We compute several different token reconstruction attempts for every example in the evaluation dataset, in this case, the OpenOrca dataset discussed earlier. We then compute the minimum number of transformed tokens across the reconstructions as the data protection metric for each example in the dataset. Let xij represent the number of tokens transformed of the i-th evaluation dataset example by the j-th reconstruction attempt, then our data projection metric is
meani(minj(xij)).
The mean across all examples in the evaluation dataset for the data protection metric is reported in Table 1. As the table shows, with SGT, over 98.4% of tokens are transformed on average across all examples from the evaluation dataset which signifies the high level data protection added by SGT while still retaining model utility.

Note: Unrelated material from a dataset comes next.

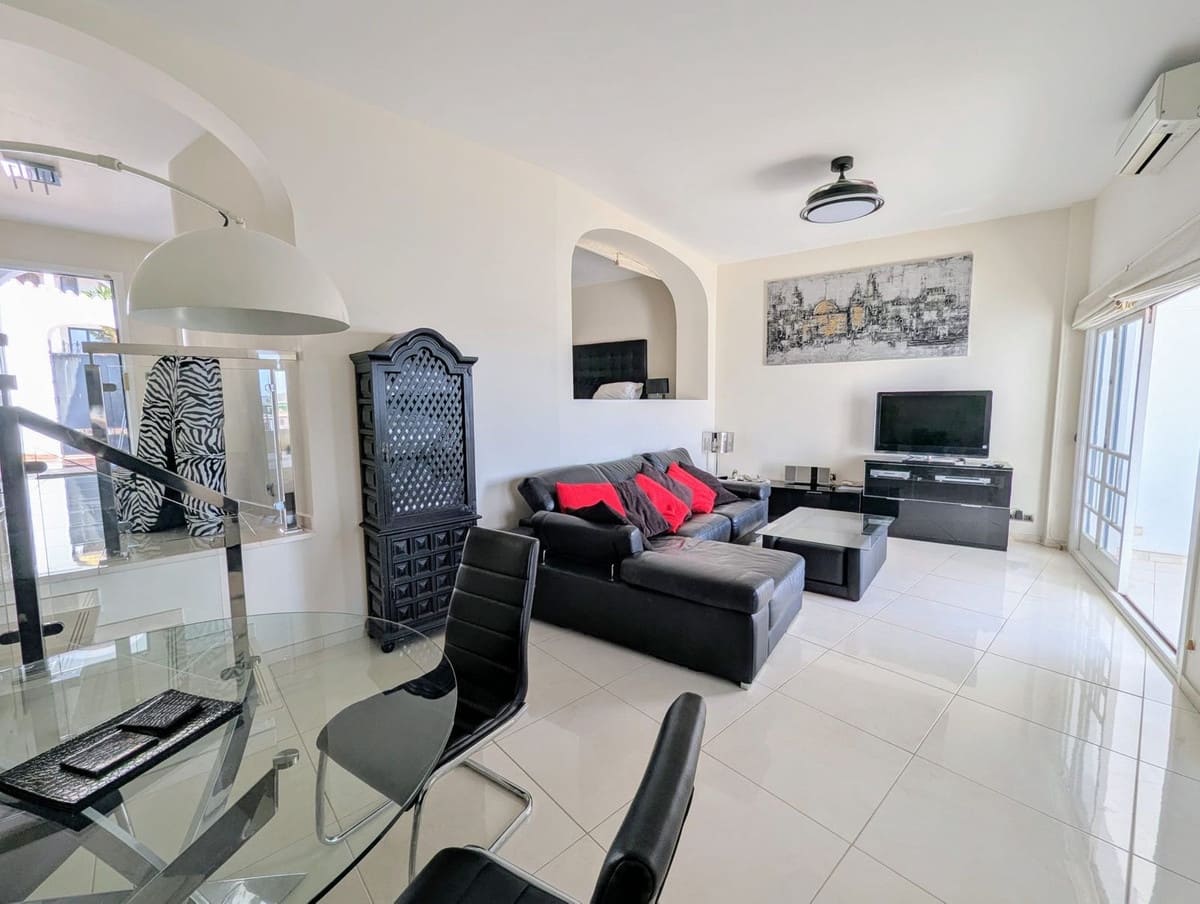 2 bedroom Apartment for sale in Cabopino with pool garage - € 595,000 (Ref: 9383277)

Secure LLM/RAG implementation blueprint on OCI
The AI Launchpad on OCI simplifies the deployment of cutting-edge AI and machine learning solutions by offering pre-trained models, MLOps tools, IoT integration, and a user-friendly interface for enterprises to harness OCI’s powerful GPU infrastructure.

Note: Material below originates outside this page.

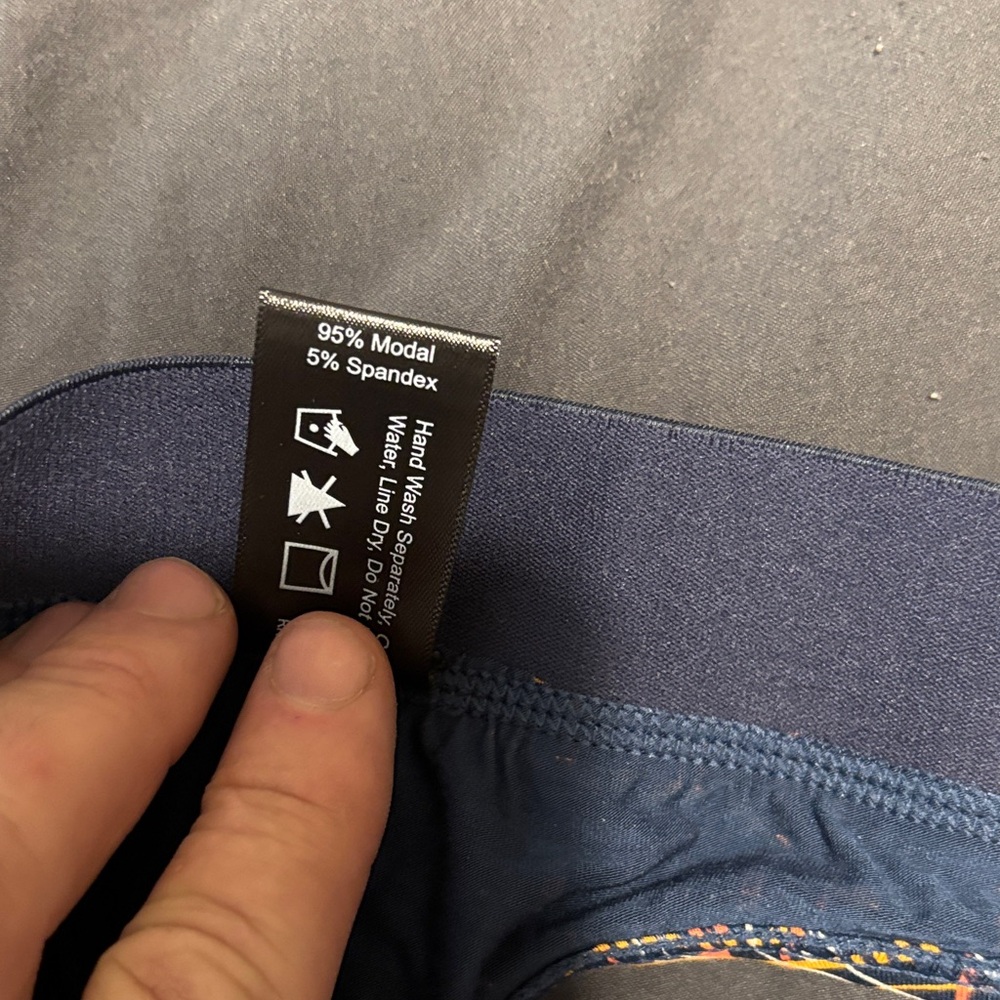 MP thong ((#65) - Picture 3 of 4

The images below demonstrate how SGT secures a RAG system built with the AI Launchpad, integrating data protection into AI automations and models like Mistral 7B. With SGT, the ChatBot now safeguards instructions, context, and documents retrieved from the vector database or uploaded in real-time.

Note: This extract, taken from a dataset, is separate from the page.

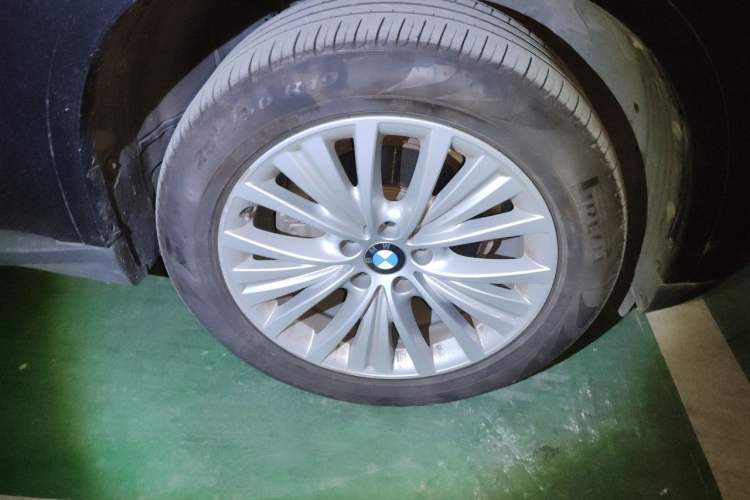 Used BMW X5 2017 xDrive28i Right Front Wheel Hub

Fig 3: SGT Protected RAG/LLM on Oracle CIoud Infrastructure AI Launchpad
Conclusion
The Stained Glass Engine and NVIDIA DGX Cloud present compelling solutions for enterprises aiming to maximize the potential of LLMs while retaining ownership of their sensitive data assets. We demonstrated how to seamlessly train Stained Glass Transform for Mistral 7B as an example of how SGTs can be created for any target AI model. By showcasing how data can be transformed into stochastic representations that preserve utility for LLM tasks, we present a robust approach to privacy-preserving LLM deployments. This capability is used in OCI’s SGT Protected RAG/LLM implementation. SGT unlocks new AI applications that were previously inaccessible due to data privacy concerns by ensuring data remains secure and thus solves a critical challenge in the adoption of generative AI technologies.